Refiere que la violación del debido proceso se concreta en la inobservancia e incumplimiento de la normatividad en materia sancionatoria a lo largo del proceso, realizando una adecuación típica que no corresponde a la realidad jurídica ni tampoco fáctica, y omitiendo la valoración de pruebas debidamente allegadas al dossier, en virtud de las cuales se pueda afirmar que el demandante nunca tuvo algún grado de conocimiento de las actividades delictivas que desarrollaba la banda delincuencial “los lisos”, de la que hacía parte el señor Marín, conducta por las que fue sancionado injusta y arbitrariamente. Advierte que es evidente la vulneración a dicho derecho en lo relacionado con las interceptaciones telefónicas de las supuestas conversaciones entre el señor Héctor Alfonso Marín y el señor Edgar Yesid Briñez Roa, para que supuestamente se presentara su colaboración en la consecución de policiales que participaran y colaboraran con la banda delincuencial, dando por cierto las conversaciones, cuando no fue debidamente probado quienes eran los que estaban dialogando en ellas, no obra prueba técnica que permita llegar a la conclusión que con quien se sostenía la comunicación telefónica era el demandante. Resalta que el ente disciplinario nunca verificó la existencia del establecimiento comercial dedicado a la venta de llantas que supuestamente era objeto de asalto con la presunta colaboración del demandante. De igual forma, bajo el cargo de expedición irregular de los actos administrativos, manifiesta el apoderado del actor que, en el proceso disciplinario MEPER-201544, la autoridad disciplinaria adecuó los cargos elevados contra el actor en el transcurso de la segunda instancia, al omitir la mención de la fecha específica
inicialmente planteada del 17 de diciembre de 2014 y al manifestar, en contrariedad al fallo de primera instancia, que el disciplinado no tenía conocimiento de las actividades criminales a las que se dedicaba la banda delincuencial “los lisos”. Afirma que se configura desviación del poder y falsa motivación en los actos administrativos sancionatorios al absolver de los cargos imputados a tres patrulleros que se encontraban en iguales condiciones fácticas y jurídicas a las del señor Edgar Yesid Briñez Roa.
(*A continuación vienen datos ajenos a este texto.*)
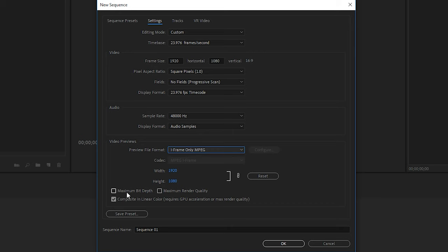Below that, we have the maximum bit depth and maximum render quality. I rarely turn these on because by the time you export your final video to, let's say, H.264, it compresses it so much that there's really no point in adding and working with this extra bit depth and render quality.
Además, el apoderado del actor cuestiona la valoración probatoria de la declaración rendida por Héctor Alfonso Marín el 20 de abril de 2015, cuyas manifestaciones fueron objeto de retracto durante la posterior ampliación de la declaración que rindió el 31 de agosto de 2015, así como la falta de material probatorio dentro del expediente que vincule a Edgar Yesid Briñez Roa con las actividades delictivas de la banda delincuencial “los lisos”. Arguye que el ente disciplinario sancionó al ex policial con fundamento en unos audios de la prueba trasladada que viene del proceso de Fiscalía y en la declaración de un delincuente, de los cuales, lo único que se puede verificar es la comunicación entre dos (2) personas que hablan de temas que nada se relacionan con la comisión de un delito, y frente a las declaraciones del caso, el mismo sujeto al ser confrontado en la ampliación de la declaración se retracta de lo expresado y manifiesta que el actor nada tiene que ver con la banda delincuencial los lisos. Insiste que no existe prueba siquiera sumaria que demuestre que el demandante
conocía de las actividades delictivas a las que se dedicaba Héctor Alfonso Marín García y lo demás presuntos integrante de la banda, pues del análisis del material probatorio (audios y un testimonio), no se puede llegar a concluir que el actor conocía de la existencia de dicha banda. Indica que las declaraciones rendidas por los policías Juan Oliveros Benítez y Jesús Orlando Libreros, que estuvieron presentes en los sitios donde falsamente señala el instructor se llevó a cabo actividad delincuencial, señal de manera certera y sin duda alguna que el investigado, no hace parte de la banda “los lisos” y que jamás tuvieron conocimiento que él les brindara algún tipo de colaboración3.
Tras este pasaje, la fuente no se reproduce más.